At Gasa Gasa last Thursday night, Downtown Boys won because Victoria Ruiz sang to the people in the room, not past them to people who weren’t. The songs were ones we could rally around, ones that suggested holding those with unearned power accountable, ones that said there’s still a place for us in a country whose government appears to want to remake America as a ’60s sitcom. “I’m Enough (I Want More)” from the recent Cost of Living was galvanizing in concert as an assertion of our collective value and the fact that we all deserve more.

Ruiz understandably gets the attention in the room and in the media. She’s intense, charismatic, and when she talks between songs, she sounds real and thought-out. Nothing comes off as a pose or easy provocation. At the same time, her voice is a siren, an instrument of confrontation, particularly when she sings two- or three-note melodies at the top of her vocal range. That trait prompts comparisons to Poly Styrene of X-Ray Spex, and when she sings en Español, she not only speaks to a smaller audience, but she gives the finger to those in power.
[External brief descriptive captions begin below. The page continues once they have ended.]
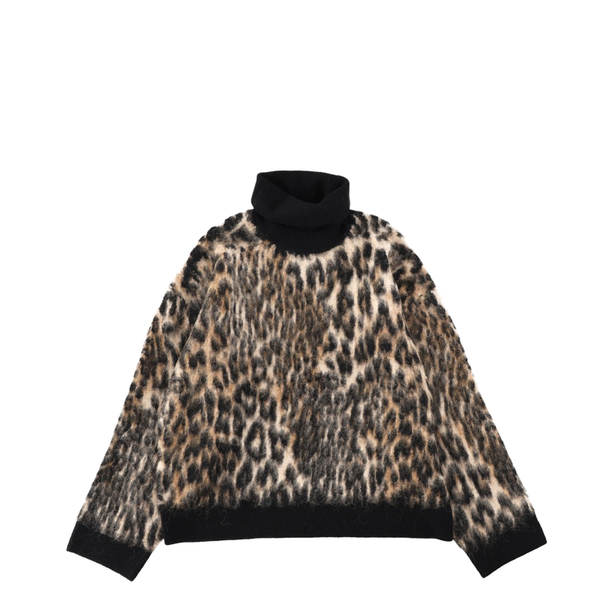 High Collar Sweater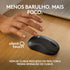Logitech M240 Silent Bluetooth Mouse, Wireless, Compact, Portable, Smooth Tracking, Compatible with PC, Mac, Laptop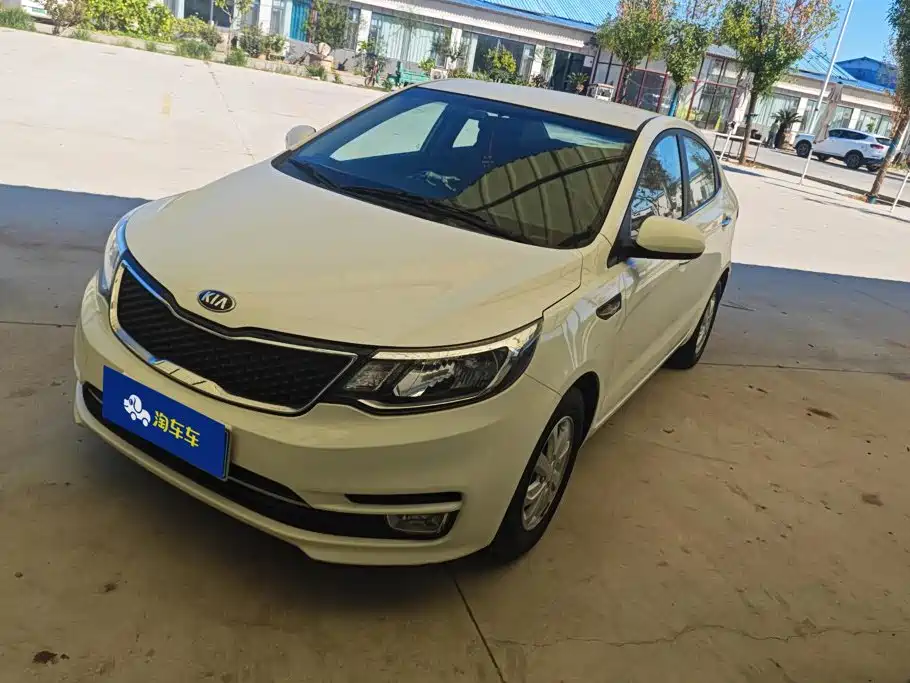 Kia K2 2015 — пригон из Китая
Not only is she not talking to them; she’s specifically leaving them out of the conversation. For the hour or so that Downtown Boys were onstage, Gasa Gasa was a safe zone. 

Ruiz is not the whole of the band, though. Sax player Emmett Fitzgerald blares along with her just as Lora Logic did with Styrene, and guitarist Joey DeFrancesco gives the songs a satisfying punk buzz. Frequently, the downfall of punk bands has been a lack of rhythmic imagination, but new drummer Joey Doubek rarely repeated a rhythm, and no song settled into anything as simple and clichéd as speedy, ahead-of-the-beat straight rock drive. Because of that, the songs has movement and space without sacrificing drive or purpose.

Still, songs rarely said anything as simple as “Those people suck.” Ruiz suggested that we “tax white supremacy 100 percent” in the introduction to “100 % Inheritance Tax,” and asked “When does a wall become just a wall?” in the introduction to Cost of Living’s “The Wall.” The latter, despite sharing a word with Trump’s favorite piece of architecture, is about the things that divide people, not the U.S. and Mexico. I don’t remember her mentioning Trump by name at all, though almost everything said was aimed at him.

The night’s curveball came in the form of a cover of New Order’s “Ceremony.” Ruiz doesn’t do Bernard Albrecht’s tentative melancholy, but the song’s dance rock lives close enough to Downtown Boys’ punk to peacefully coexist. More importantly, the song put the immediacy of Downtown Boys in another context. The struggle’s long with the odds against us, and each time Ruiz sang, “I'll break them down, no mercy shown / Heaven knows it’s got to be this time,” she added a note of tentative, bruised optimism. Sooner or later, right has to prevail, right? The song reminds us that hope, like the struggle itself, is its own reward, and a night with Downtown Boys felt like a good reason for both.